ちなみに、この話はもう全体の1/3くらい進んでるのですが、とらは相変わらず、割と本気でうしおを食べようとしています(どの程度本気なのかは不明)。
「みんな 仲良うせんと あかんよ」
(日崎御角 白面の者の放った妖・くらぎを命を賭けて倒したシーン)
光覇明宗の総本山を襲ったくらぎ。
選りすぐりの僧たちでさえ歯が立たなかったくらぎを二代お役目の日崎は自身の命と引き換えにくらぎを倒します。
ここの戦闘シーンは後のストーリー展開上非常に重要な役割を担っています。
また、人のいうことを聞かない凶羅(きょうら)が必死で日崎を助けようとするシーンも胸を打つものがあります。

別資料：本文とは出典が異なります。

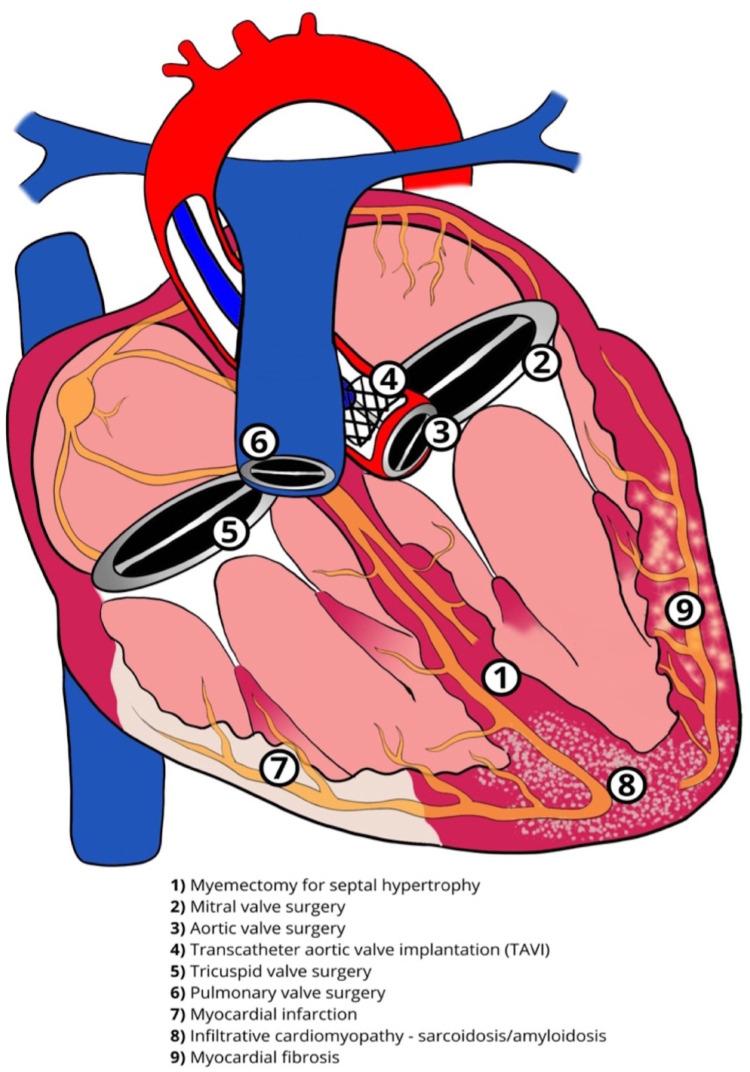 https://cdn.ncbi.nlm.nih.gov/pmc/blobs/14c3/10463741/82a22d33270e/fcvm-10-1220709-g002.jpg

「オバケ…質問に答えるわ。 泥なんて…何だい、よ!」
(井上真由子 人に質問して、答えられなかったら脳みそを食べてしまう妖・などかとたゆらに対して)
「満足する死とは何か?」
と聞かれた真由子。
上記は
「人の役に立てるのであれば、泥で汚れることなんてなんの問題もない」
ということを意味しています。
「そうとう強いぜ… 俺たち!」
(うしお 白面の者と戦うときに、妖達を鼓舞して)
白面の者の作戦により記憶を失ってしまった東西の妖たち。
記憶を取り戻したときには、状況は白面の者の思うがままになっていました。
獣の槍のお蔭で記憶を取り戻した東西の妖たち。
不覚をとったことについて、うしおに詫びますが、うしおは妖たちを責めることなく、上記のセリフを。
これで一気に妖たちの士気が上昇します。
「ハイフォン… レイシャ… 今こそ… 禁!」
(鏢 妻子の仇である紅煉を倒すときのセリフ)
ついに妻子の仇をうった鏢。
結果は己の命と引き換えでしたが、息を引き取る前に自分の妻子であるハイフォンとレイシャが自分を出迎えてくれる夢を見ます。
ちなみに仇である紅煉(ぐれん)は作中で白面の者が最も信頼していると思われるほど強い妖。
とらでさえ、一対一では不覚をとりそうになったくらいの、作中でも屈指の強キャラです。
「今、俺たちは… 太陽と一緒に戦っている!」
(うしお 白面の者との最終決戦にて)
ついに白面の者と、うしおととらの因縁の決着がつこうとする場面。
負のエネルギーから生まれた陰の存在である白面の者にとって、太陽とはその対極に位置する存在です。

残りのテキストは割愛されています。